Another background actress recently shared her experience with NPR, saying she was scanned for a Disney+ series. However, she did not give her permission for her digital replica to be used in scenes, per the outlet.
Sandra Miska, who has worked as a background actor for 10 years and became a SAG-AFTRA union member in 2015, recalled her experience to Fox News Digital being scanned for the film “The Call of the Wild,” starring Harrison Ford.
Miska said she was scanned while wearing 1890s period costume for a crowd scene but could not recall for sure if she signed any additional paperwork that informed her if there was any purpose for the scan beyond the movie.
“…I believe we were told it was just for this movie because it was such a large scale scene, and I was wearing a period costume, so I didn’t think much of it, but then I started thinking about it recently when the subject of AI has been in the news.”
“It was just such a new thing at the time. I didn’t think much of it, of what it meant, because a lot of times doing background, they’ll use CGI to make it appear like there are more people than there actually are,” she added.
The use of CGI has been around for quite some time in the entertainment industry, creating vast armies in films like “Avengers: Endgame,” or “The Lord of the Rings” franchise. TV series use it as well, like the Apple TV+ series “Ted Lasso,” which recently made headlines for the using the process known as “tiling,” essentially copying and pasting real people filmed on a green screen and placing them around the stadium.
Where SAG-AFTRA and AMPTP are butting heads is the use of real-life people being scanned and duplicated and the best way to inform and compensate them for that use.
Chris Mack, a non-union actor based in Los Angeles, has not had his likeness scanned for any projects, and would not consent to it if met with the proposition.
“I would refuse because I want to actually have a career as an actor,” he said. “I want to have a career, and if I were to be scanned, essentially you’re asking me to give up my most valuable asset, which is me.”
He added, “Most of my friends that are also background actors or actors in general feel the same way, they don’t want their likeness taken, that would hinder their careers, so I don’t know anybody that has [agreed to it].”
Miska said she was not sure if she would agree to the process again.
“Knowing what I know now, I’d probably say no because knowing how it hurts the industry and [that it] takes away jobs from people,” she said. “And some people, like on Twitter, were saying like, ‘Oh, it’s just, it’s these young and hungry people that get taken advantage of doing background.’ But there’s a lot of like people of all different ages to backgrounds, people who’ve made a whole career; a lot of senior citizens. So, it’s just not fair to them to be involved in that.”
Jeff Olan, owner of Jeff Olan Casting, has decades of experience working with background actors on projects like “Pulp Fiction” and “Grey’s Anatomy,” and is deeply concerned about AI’s impact on the industry, particularly where it comes to informed consent for background actors.
“I think what’s happened is it’s been kind of a hush, hush and nobody really knew anything about it,” he said. “They had no idea what it was all about. Extras have no idea.
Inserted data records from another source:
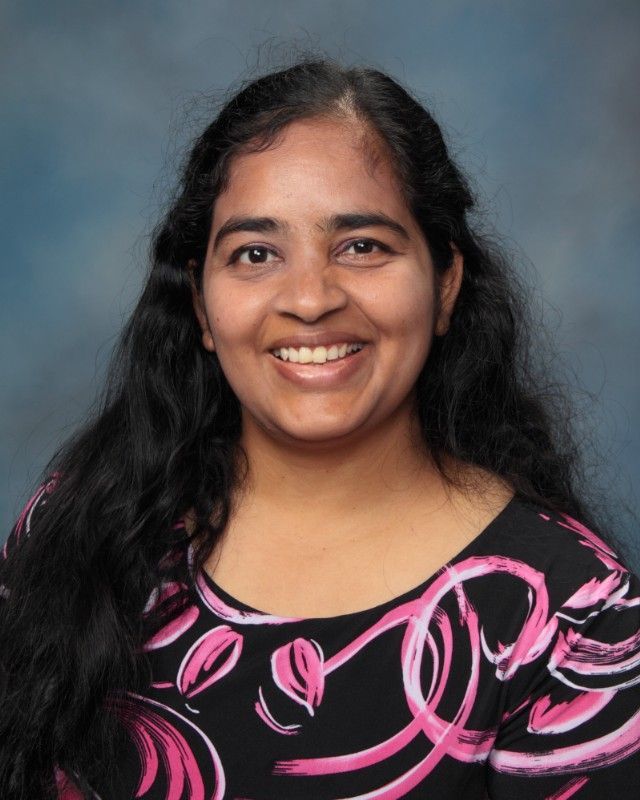 Woman with long dark hair, smiling, wearing a black and pink patterned top, against a blue background.
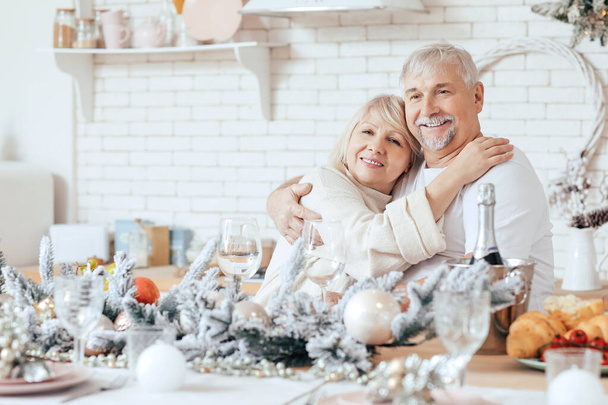 Gelukkig volwassen paar op kerstavond in de keuken - Foto, afbeelding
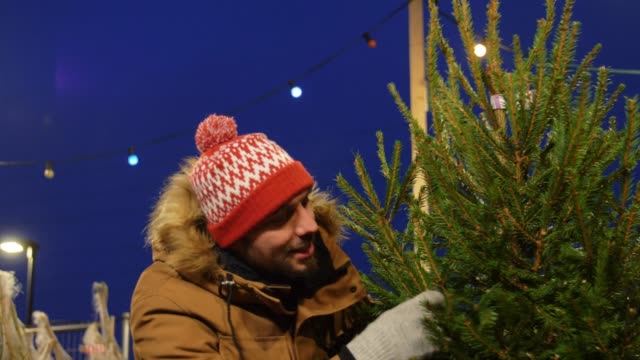 glücklicher-Mann-kauft-Weihnachtsbaum-auf-dem-Markt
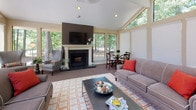 Located at 3151 Exacta Dr in Raleigh, NC, this single-floor space is designed to impress with its open, airy layout and thoughtful architectural details. The main living area showcases dramatic vaulted ceilings that rise to striking heights, lined with a wall of large-pane windows that flood the interior with natural light and frame lush, wooded outdoor views. A classic fireplace with a white mantel and dark tile surround anchors one end of the room, complemented by a bold accent wall that adds a contemporary touch. The generous layout accommodates both a comfortable lounge seating area and a casual dining space, making it highly versatile for gatherings and everyday use. Plush carpeting in a warm neutral tone runs throughout, adding comfort underfoot, while a patterned area rug defines the central seating zone. An adjacent area features soaring double-height ceilings supported by elegant columns, further emphasizing the grandeur of the space. A built-in kitchenette or serving area with white cabinetry is visible nearby, enhancing the functionality of the space. Throughout, recessed lighting and an abundance of natural light create a warm, welcoming ambiance suited for community or social use.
And extras usually don’t fight it because when an extra gets to a set, whether it’s a movie or TV show or whatever, they’re hired for the day, and they’re doing whatever the production wants them to do.”
Olan feels that in two to three years, “our industry, the way it is with the extras casting, I believe, it’s not going to be gone, it’s not going to be obsolete. But we are getting into a dinosaur type thing here.”
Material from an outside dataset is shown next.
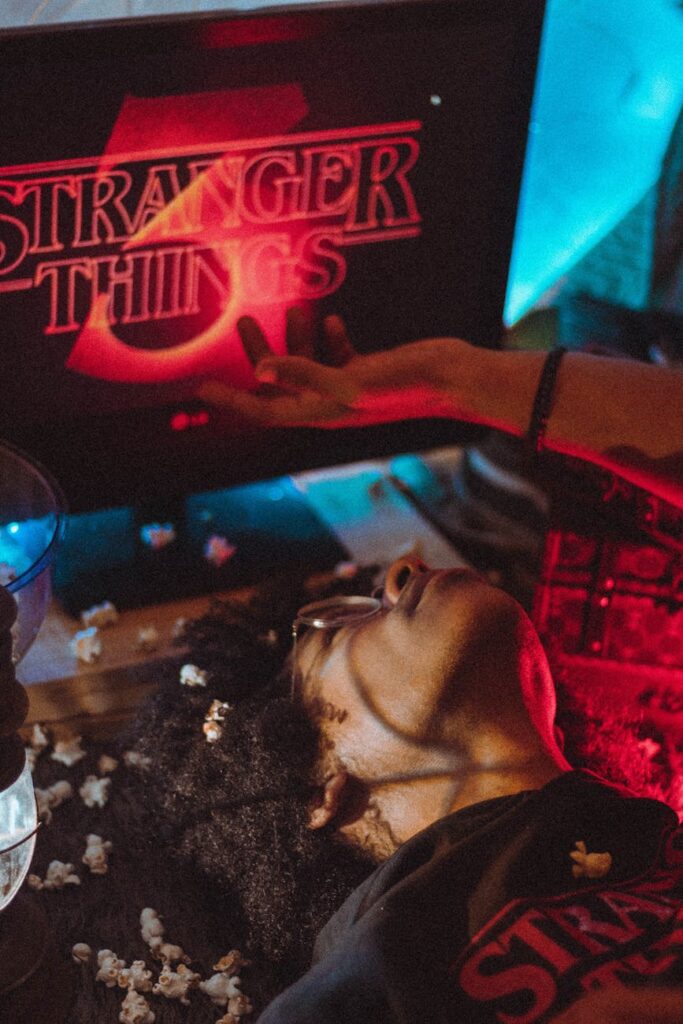 A person's feet are visible as they relax in a hammock, with a canopy of green leaves and a blue, cloud-strewn sky above.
He does not expect actors to be replaced entirely, but for background, unless they are particularly close to the main performers in a scene, it will more than likely be populated by AI.
And Olan is not entirely opposed to AI, but said, “I think we need to slow it down. If the studios could just slow it down… But then when you’re dealing with multi-billions of dollars, they don’t really care. And it’s obvious they don’t care about all these people that are losing out on money right now.”
“But the bottom line is every single extra deserves payment if they’re going to have [a scan for AI] done that day, they should get a little extra money that day for it. And then any time that their image or likeness or anything is used, they should get some sort of residual,” he added.
Talks between SAG-AFTRA and the AMPTP are currently at a standstill. SAG-AFTRA president Fran Drescher told “Today” earlier this month the union is in it for the long haul.
“We have financially prepared ourselves for the next six months. And we’re really in it to win it,” Drescher said.
A source close to SAG-AFTRA told Fox News Digital the union is willing to come back to the table any time unconditionally and that Drescher’s comments highlight members’ dedication to achieving a fair contract.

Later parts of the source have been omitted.